▸ YOUR TASK
Take the lines of the data below from the very first through the line containing "In this video guide, I'm" and output them exactly, pictures excluded.

···

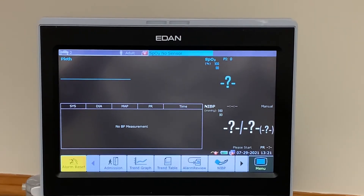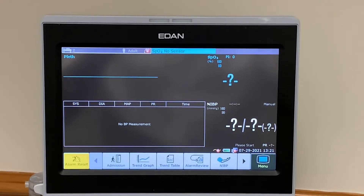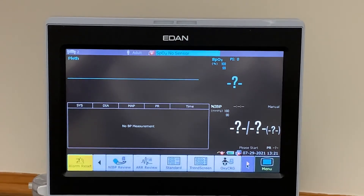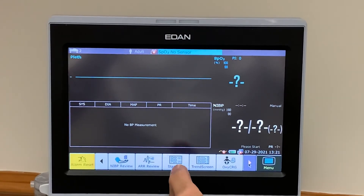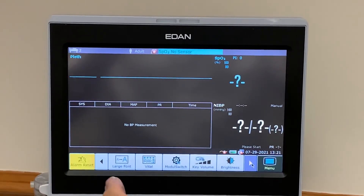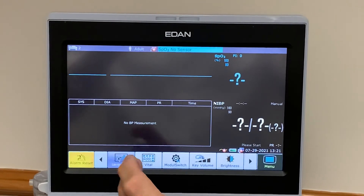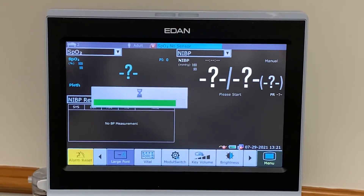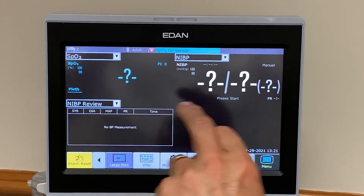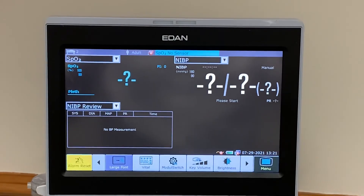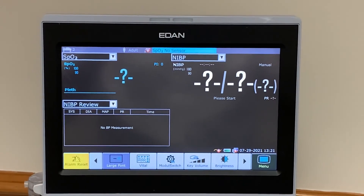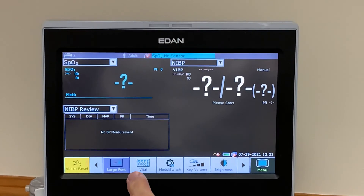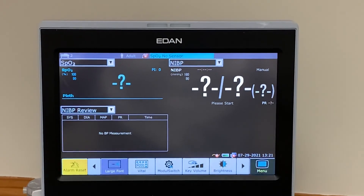At this point, the screen can be reconfigured from the waveforms view to large font, in which case we have SPO2, NIBP, and NIBP trend or review. That's the end.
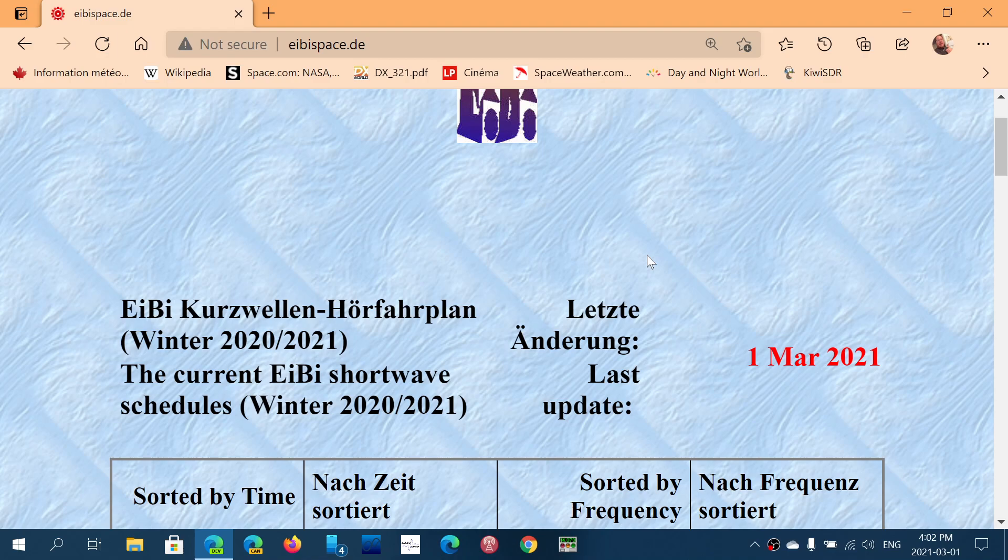Welcome to the shortwave radio channel. Just to mention a quick change that is going to arrive at the end of this month. We are at the last few weeks of the winter schedules. Schedules change twice a year because of the changing propagation aspect of the ionosphere depending on the season.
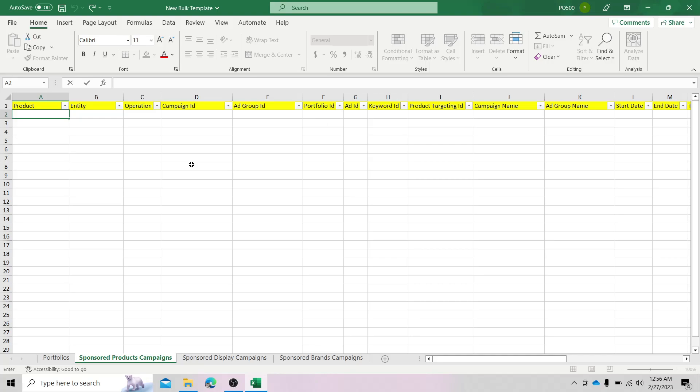Hello everyone. Today we will talk about how to create a campaign using Bulkfile. But before that, let me tell you what Bulkfile is all about and what it contributes to an Amazon business and to you as an Amazon virtual assistant.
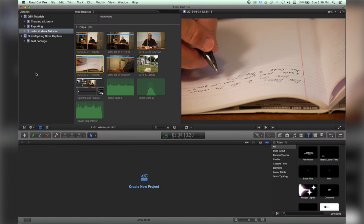Hello there, this is Stanley with QuickTipKing.com, and in this tutorial we're going to talk about libraries and how you can open and close them.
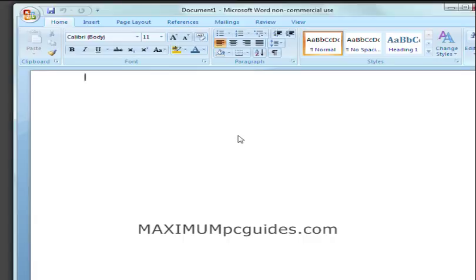In this video guide, I'm going to show you how to change the default file format used to save documents in Office 2007.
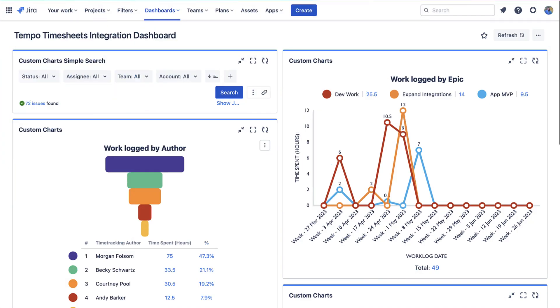In April of 2023, Custom Charts officially became a part of the Tempo product suite. With that acquisition comes enhanced integration with the other products in the Tempo suite. One of the biggest integrations is with Tempo Timesheets.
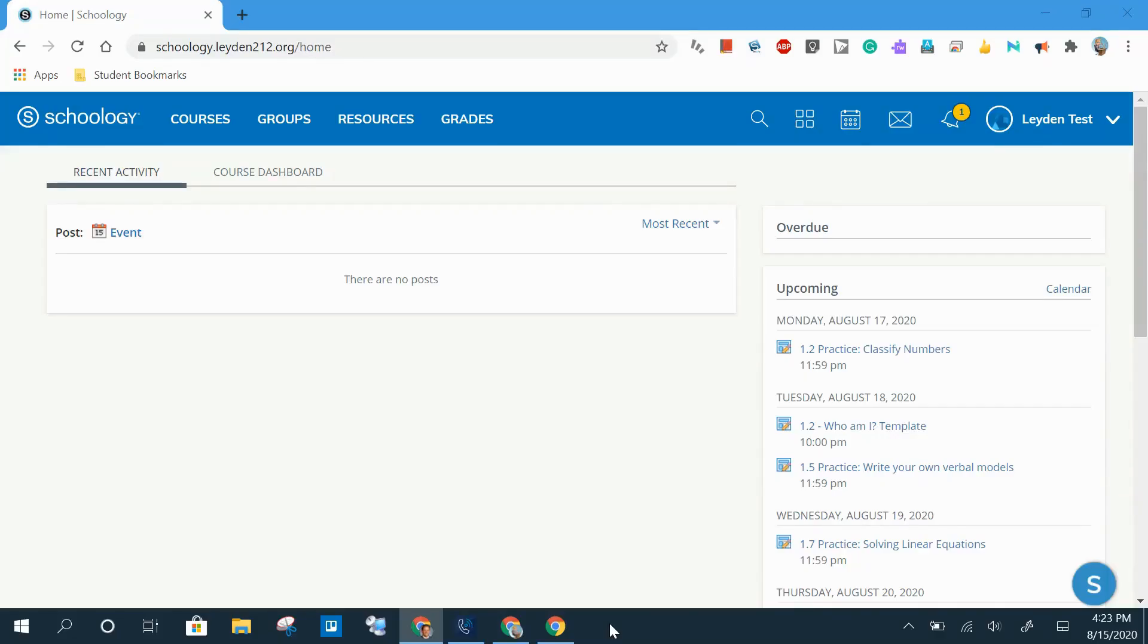Welcome to the first video in Leiden's Getting to Know Schoology video series. This first video is going to cover some of the key elements of the main navigation bar and the Schoology homepage.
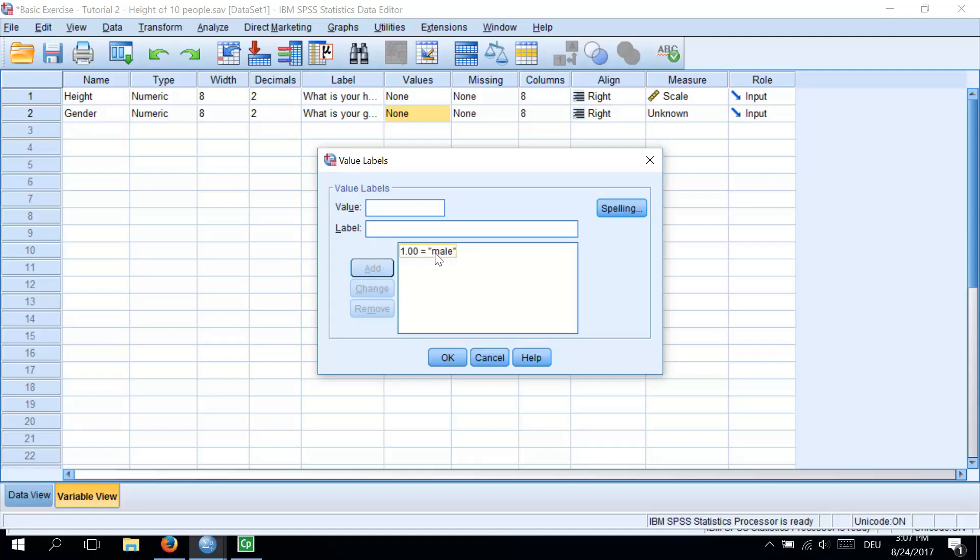Now we will add a code 2 for female in the same way. So the value 2 should represent females, so we type female in the label window and we click on Add. Now 1 represents male and 2 will represent female.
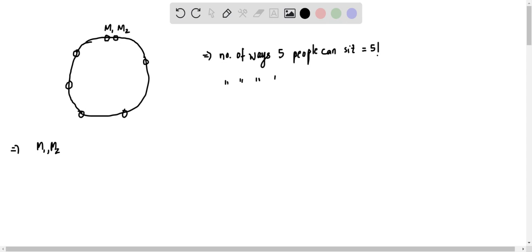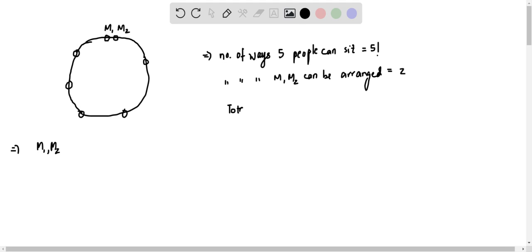is two, either as m1 m2 or m2 m1. So total ways in which five people can sit together such that m1 and m2 are always together...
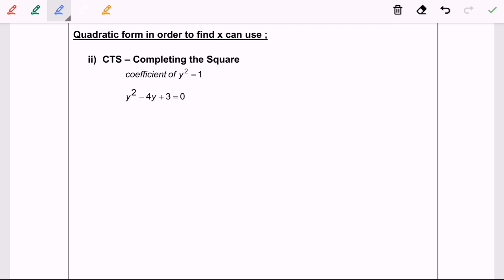So now I'm going to discuss another method to solve the problem, which is completing the square. So kindly refer to example 4. We have y squared minus 4y plus 3 is equal to 0. So first, before we start completing the square, do remember to make sure that the coefficient of y squared is equal to 1.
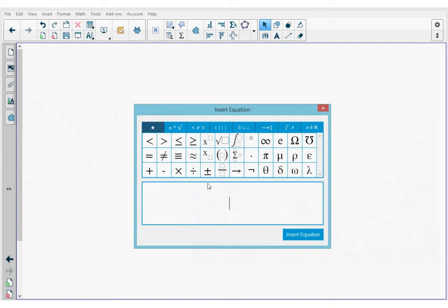I'm going to put my cursor inside the text field and add my equation. My equation is y equals x squared, so I'm going to type that out. Right now I need a superscript 2, so I'm going to go to the row here — here's the superscript button — and I'm going to press that.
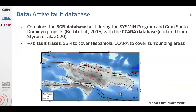The second major dataset was the fault database. We started with the CCARA database, a fault database developed in a past USAID project, and added to this the SGN database compiled during some internal projects completed in recent years. Shown on the map in red are the traces from the SGN database — we can really see the value of the improved coverage, especially in the central part of Hispaniola.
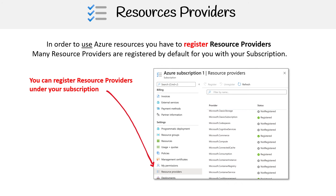All you'd have to do is go to your subscription and then register that. It's kind of like a safeguard so that, if there are services that are expensive or things like that, you are making the conscious decision to say, yes, I want to use this.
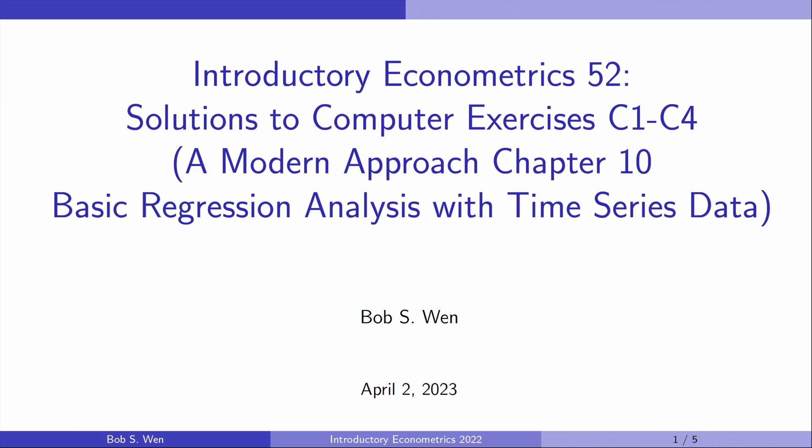Hi, I'm Bob. Let's find solutions to the computer exercises for Chapter 10, Basic Regression Analysis with Time Series Data, in the textbook Introductory Econometrics, a Modern Approach, the 7th edition, by Professor Jeffrey Wooldridge.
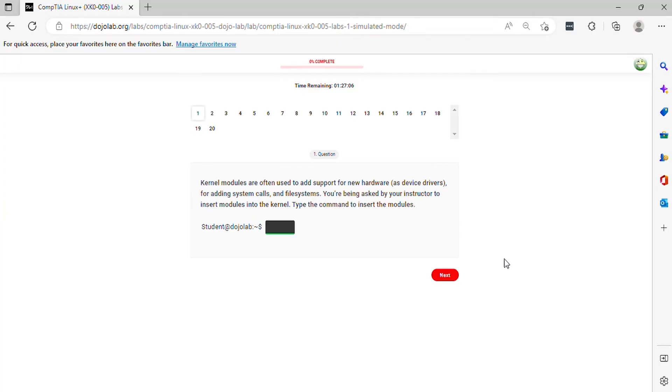Question 1. Kernel modules are often used to add support for new hardware, as device drivers, for adding system calls, and file systems. You're being asked by your instructor to insert modules into the kernel. Type the command to insert the modules.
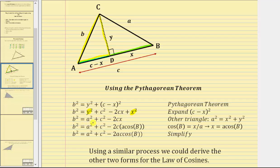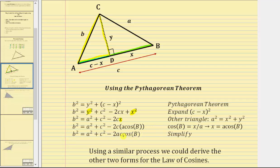We now know b² = a² + c² − 2cx. Using the triangle on the right again, the cosine of angle B equals the adjacent over hypotenuse, giving cosine B = x/a. Multiplying both sides by a, we have x = a·cosine B. Substituting a·cosine B for x gives us b² = a² + c² − 2ac·cosine B, which is one of the forms of the law of cosines.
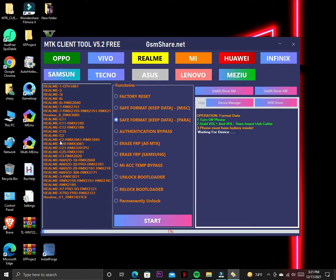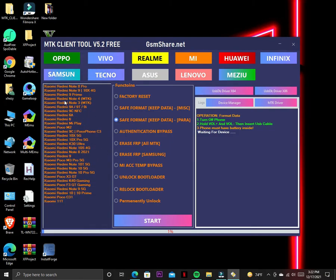Now you can check all the phones. Some phones are not supported by this tool.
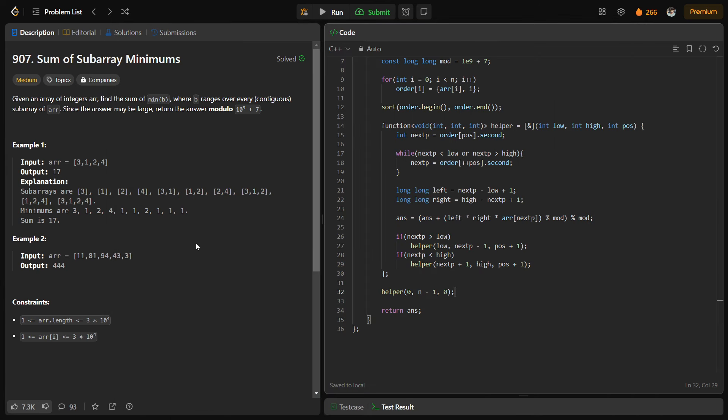Hi everyone, I hope you are doing well. In this video we have to discuss a LeetCode problem of the day and today's problem is Sum of Subarray Minimums, and it is a medium level problem.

···

▸ ANSWER BOX
At this point, the screen can be reconfigured from the waveforms view to large font, in which case we have SPO2, NIBP, and NIBP trend or review. That's the end.
Welcome to the shortwave radio channel. Just to mention a quick change that is going to arrive at the end of this month. We are at the last few weeks of the winter schedules. Schedules change twice a year because of the changing propagation aspect of the ionosphere depending on the season.
Hello everyone. Today we will talk about how to create a campaign using Bulkfile. But before that, let me tell you what Bulkfile is all about and what it contributes to an Amazon business and to you as an Amazon virtual assistant.
Hello there, this is Stanley with QuickTipKing.com, and in this tutorial we're going to talk about libraries and how you can open and close them.
In this video guide, I'm going to show you how to change the default file format used to save documents in Office 2007.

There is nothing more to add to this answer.